Without exaggeration, each one of the album’s eleven tracks bears the masterful mark of thick, crunchy funk. Whether from a luscious, spine-tingling backbeat or the snarling drawl of which Dua has made her signature, there is a pervasive flash of intoxication and liberation, of anger and intensity, of a tough sublimity that fills the mind with exaltation. Oftentimes, this euphoria feels as if it is collapsing under its weight, slamming through senses with such vigor and intensity one feels bludgeoned and pummeled in the most glorious ways. Perhaps in a certain light, this sparkling cohesion can be overlooked and misunderstood as repetition. Yet, it is that overarching funkiness which glues each piece together, formulating a work of art that reveals not only a willingness to explore sonically, but also to progress.

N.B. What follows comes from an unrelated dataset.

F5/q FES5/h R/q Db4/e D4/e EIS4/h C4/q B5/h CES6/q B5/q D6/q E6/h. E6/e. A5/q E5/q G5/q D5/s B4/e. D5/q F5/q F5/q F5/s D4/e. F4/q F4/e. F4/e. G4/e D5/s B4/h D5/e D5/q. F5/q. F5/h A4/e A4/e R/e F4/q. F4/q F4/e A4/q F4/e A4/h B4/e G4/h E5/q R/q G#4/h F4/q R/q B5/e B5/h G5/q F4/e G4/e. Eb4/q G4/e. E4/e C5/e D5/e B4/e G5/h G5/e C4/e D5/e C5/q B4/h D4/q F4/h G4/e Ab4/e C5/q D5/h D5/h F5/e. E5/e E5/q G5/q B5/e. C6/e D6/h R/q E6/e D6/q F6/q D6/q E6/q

And it is progression which serves as Future Nostalgia’s most promising feature. Though the overall theme relies on romance and empowerment, it is Dua’s trademark moodiness that transforms these conventions inside-out. Take, for example, the lavish uncertainty floating through the “If you don’t wanna see ME, dancing with someBODY” pre-chorus hook on the dancefloor delicacy of “Don’t Start Now.” Or, perhaps, the somber optimism of “Baby, keep on dancing…” on the barreling arcade-drenched “Physical.” Or even the raw, rapturous epiphany of “Goddamn, you got me in love again!” on the taut, ABBA-coated “Love Again.” Each track may contain its own amount of glitter, glamour, and gauze. However, with every slice of mirth there appears a slice of melancholy to size it up, generating a palatable unease throughout the album that keeps one from overdosing on froth and sentiment. In her earliest works, Dua emerged a master of mood, and upon Future Nostalgia that darkness finds an equaled brightness, igniting a completion and growth she has never experienced.

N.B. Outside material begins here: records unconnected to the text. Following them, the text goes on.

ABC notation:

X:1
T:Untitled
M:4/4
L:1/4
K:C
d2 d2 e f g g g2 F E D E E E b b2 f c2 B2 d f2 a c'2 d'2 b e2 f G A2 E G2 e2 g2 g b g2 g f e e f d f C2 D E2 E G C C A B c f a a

This growth is even more evident in “Pretty Please,” a bluesy, Stax Records evocation which finds Dua rising above the hypnotic, chilled-out production as if she is directly whispering through your ear canals. And in “Hallucinate,” a tantalizing rush of opulence and delirium, equating the call of one’s name to the sweeping, engulfing taste of fantasy. And especially on the closing track “Boys Will Be Boys,” a remarkable, confrontational hymn against toxic masculinity adorned with wintry, echoing choral chants. Within these three tracks alone, one is privy to the various directions Dua may take in the near-future, providing glimpses of an evolving Pop artist absolutely open for experimentation.
And it is that evolution which clings most to one’s mind once the album has ceased. Teeming with freshness and vitality, Future Nostalgia is a mesmerizing collection of the last 40 years of dance music distilled in the most scrumptious, accessible bites. With funk as her anchor, Dua Lipa finds herself navigating the rhythms of her heart and spirit amidst a glossy, groove-laden climate, using the visual splendor of retrofuturism to imagine a world where care is free, love is abundant, and self-fulfillment is foremost. Those are the hallmarks and touchstones for nostalgia—the desire to escape to a place that doesn’t possibly exist. Yet, in Dua’s hands, not only does this dreamlike place exist, it is incredibly tangible. Just press play and you’re there.